20 minutes pass, the lady tells us to go and we start our trip. After less than 10 minutes, we stop for the first time. Before us, there’s a huge rock charmingly called ‘Tombre de Soro’. The group gathers around it and the lady starts talking about the rock. The story must be interesting but unfortunately it’s in Spanish. Ania and Amelka are having lunch in the car so I get the opportunity to walk around the rocks and happily take advantage of it. At this point, I don’t find anything that we haven’t seen yet so I wonder what is this all about. What’s so cool here?

Okay, let’s move to the second station. The landscape changes from yellowish-red to a whiter one. We drive down and find ourselves between rocks of various sizes and some rock furrows. Then we move a little bit higher and see the actual valley. It looks like from a good sci-fi movie.

We stop here for a while and I try to comprehend what I’m seeing. After the first rock which was a bit disappointing I start to understand where the name of the valley comes from. There are rocks everywhere. Red ones from Talampaya national park in the distance and beneath us – various rocks, dens and hills all in moon colours. I guess that if I were to imagine how our satellite looks like, apart from the darkness, it might as well look like here.

Happy that we’re not wasting time after all, I get inside the car and we proceed to the third station. It doesn’t look particularly interesting, but after a closer look, I see a path leading deeper. The group is busy listening to the guide who still refuses to speak (however sketchy) English. I go deeper on my own then. I walk 500 metres or so, I even look behind me to check if I haven’t got lost or if the cars are still there. It’s a pity that you have to stay with the group. But what can you do? I find a place with rocks on the ground that are perfectly oval – like alien eggs. :) They match the place – it’s a moon valley after all. The rocks get their shape thanks to very low ground temperatures (-15)
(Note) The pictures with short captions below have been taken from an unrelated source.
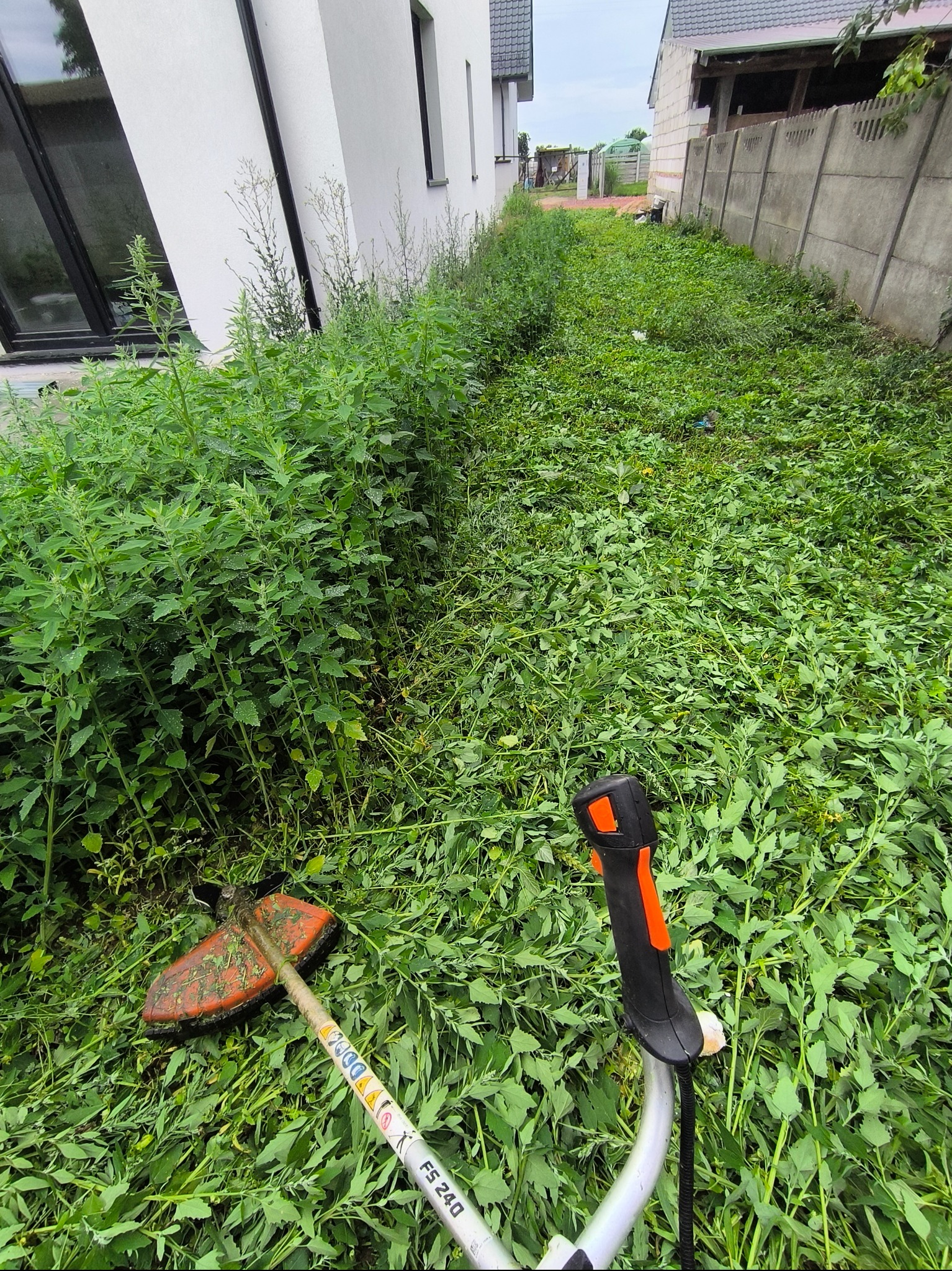 Zarośnięty teren po koszeniu, widoczna kosa spalinowa FS 240 i świeżo skoszona trawa. Częściowo skoszony pas zieleni wzdłuż budynku i betonowego ogrodzenia.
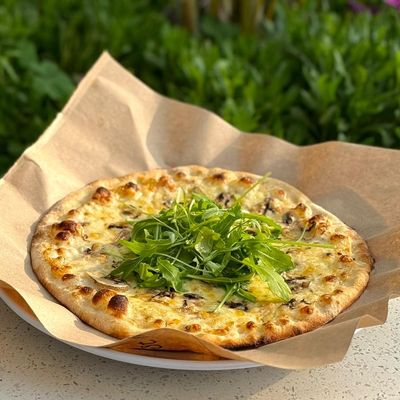 Truffle Mushroom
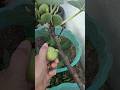 buah tin masak pohon, semutpun suka #makanan #makanfamily #panen #kebun #buah #buahtin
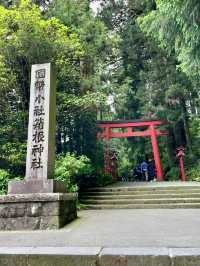 A Full Day of Fun in Hakone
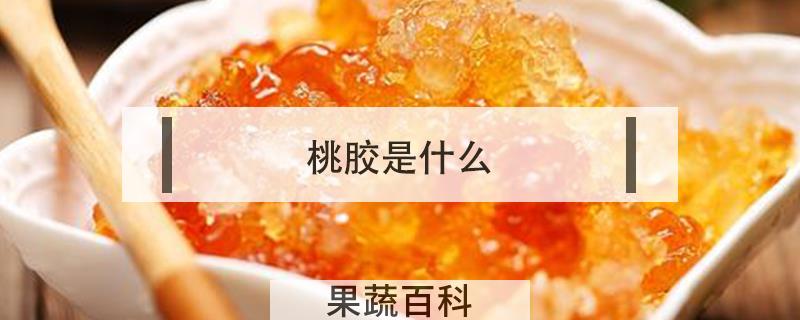 桃胶是什么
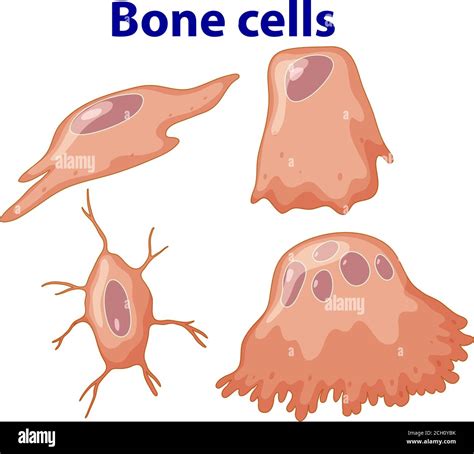 Ilustración de la anatomía de las células óseas humanas Imagen Vector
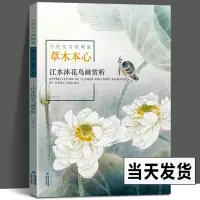 [正版图书]江水沐花鸟画赏析 当代实力派画家草木本心 绘画初学者入门基础教程国画工笔写意花鸟画技法书籍名家经典作品集国画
We slowly approach the great finale. I get the feeling that the red rocks that we keep passing on the road are avoided on purpose in order to save them for the last stop. Before we see them, we drive to ‘Submarine’. Red rock with two sort of… poles. It makes for an interesting image. As you can see, the name doesn’t come from nowhere as it really resembles a submarine.
I take some pictures and we proceed to the last station – we approach a passage of red rocks. When we arrive, it all looks absolutely cosmic. Furrows on some of them, the shapes and the background make me quickly understand why is the place called ‘Valle de la Lune’. Quite a thing. The guide finally lets us drive on our own. For the last 20 kilometres we can do whatever we want.

Most of the route goes by the red wall which in some places turns into the second, more cosmic part.